(INFORMATION SUPPLIED Opens)

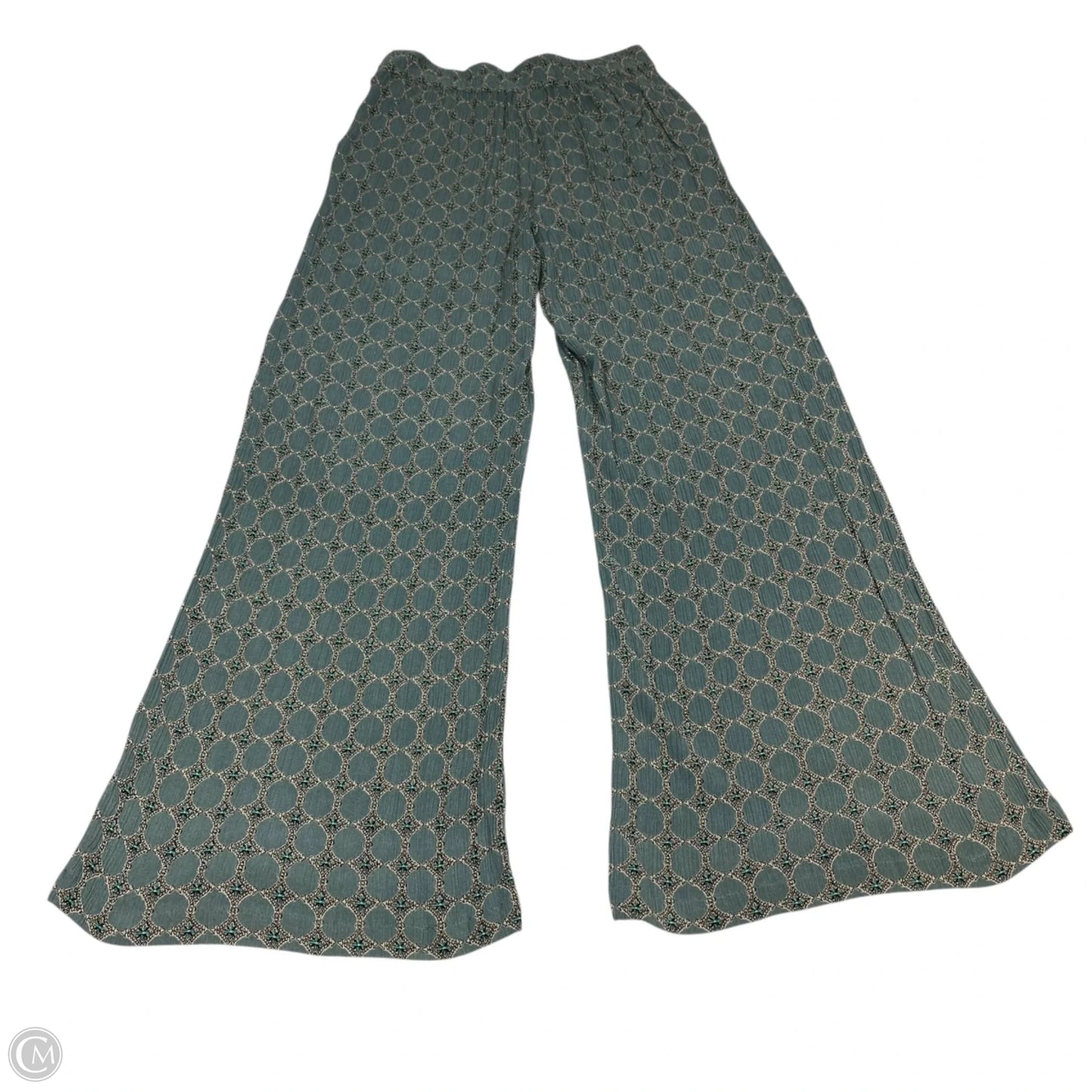 Pants Linen By Anthropologie In Blue, Size: M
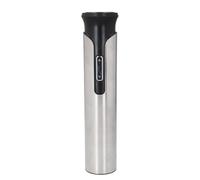 Bar Craft Sacacorchos eléctrico de acero inoxidable en caja de regalo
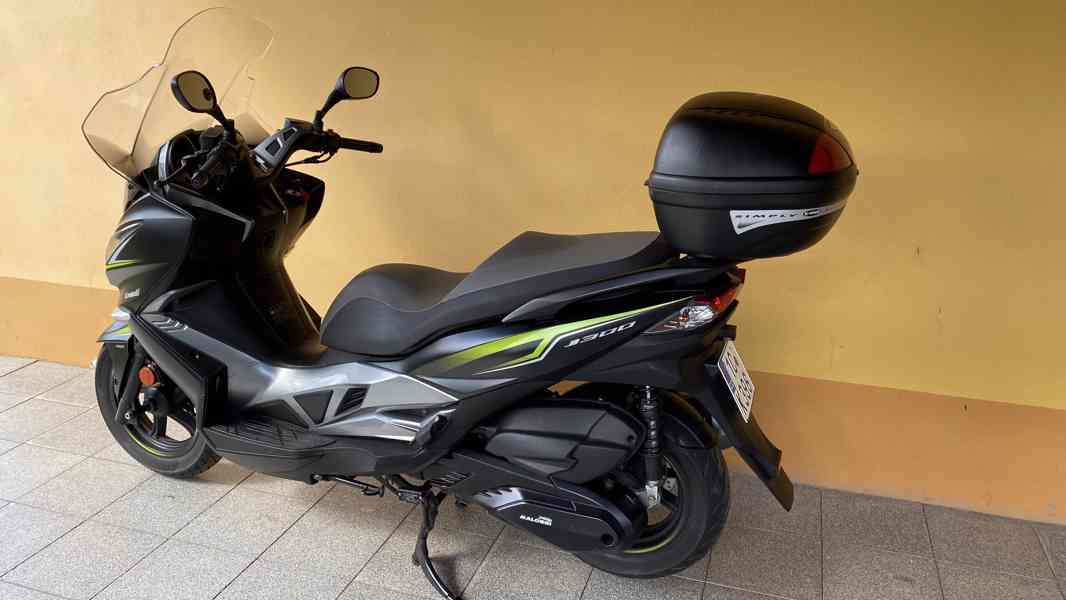 Kawasaki J300 / 2018 / po servisu / variátor Polini / CZ TP - foto 3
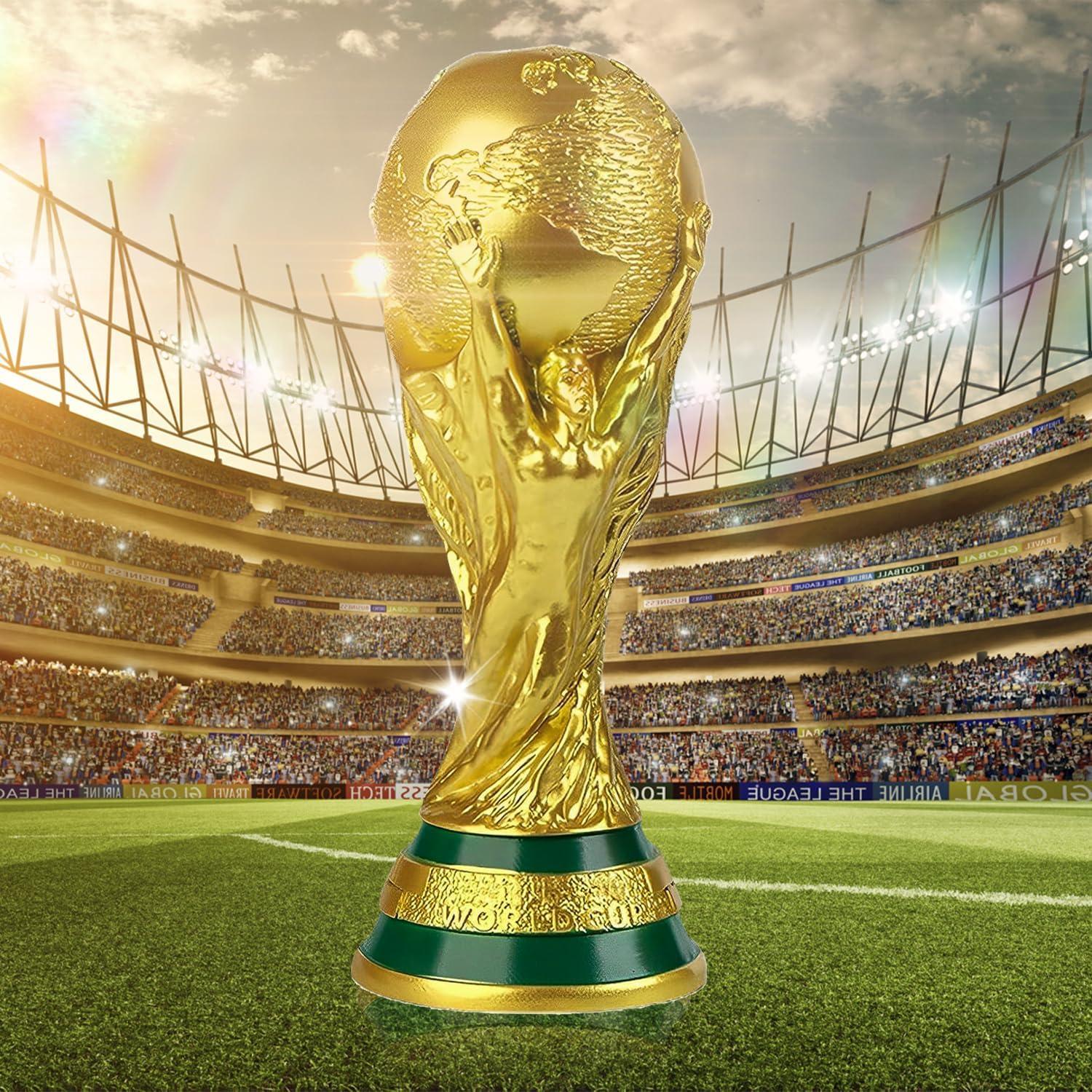 Surprising Versus: World Cup Trophy Shines As Decor… Trending Collectibles!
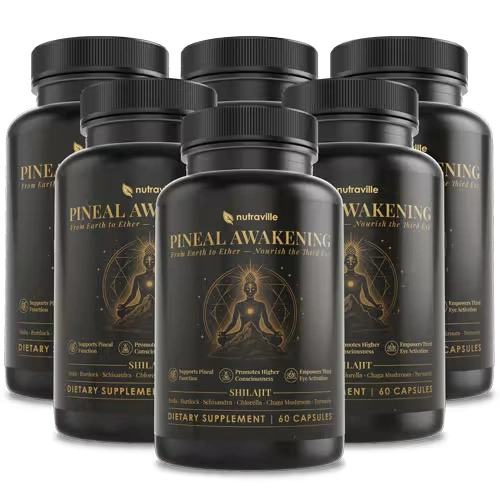 Pineal Awakening 6 Bottles Best Value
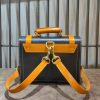 Handmade Convertible Backpack – Multi-Way Leather handbag in Italian Vegetable-Tanned Leather - 图片 6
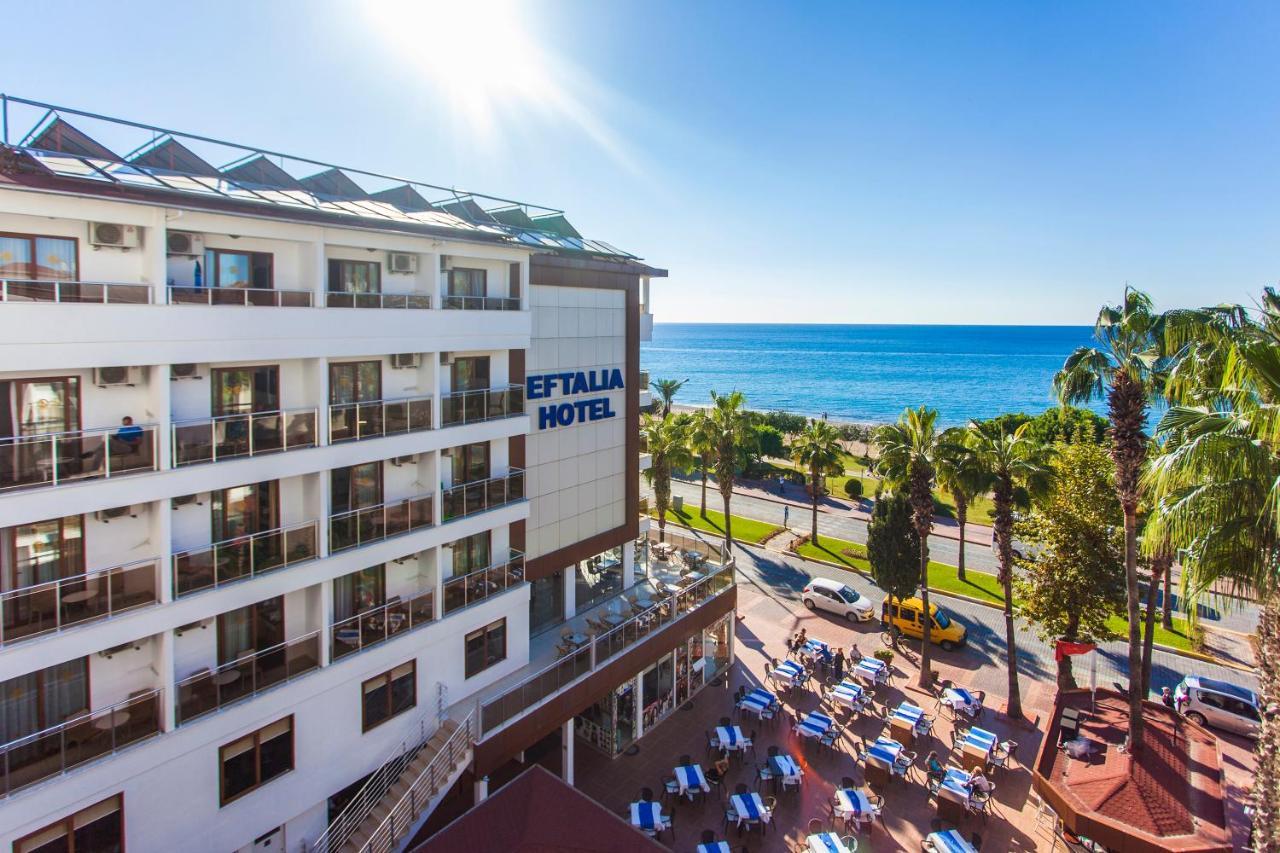 Eftalia Down Town Alanya Exterior foto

(INFORMATION SUPPLIED Closes)

* **TASK GOAL**
An exact transcription of all the entries is required, without the pictures.

* **SOLUTION TO THE EXERCISE**
 Pants Linen By Anthropologie In Blue, Size: M
 Bar Craft Sacacorchos eléctrico de acero inoxidable en caja de regalo
 Kawasaki J300 / 2018 / po servisu / variátor Polini / CZ TP - foto 3
 Surprising Versus: World Cup Trophy Shines As Decor… Trending Collectibles!
 Pineal Awakening 6 Bottles Best Value
 Handmade Convertible Backpack – Multi-Way Leather handbag in Italian Vegetable-Tanned Leather - 图片 6
 Eftalia Down Town Alanya Exterior foto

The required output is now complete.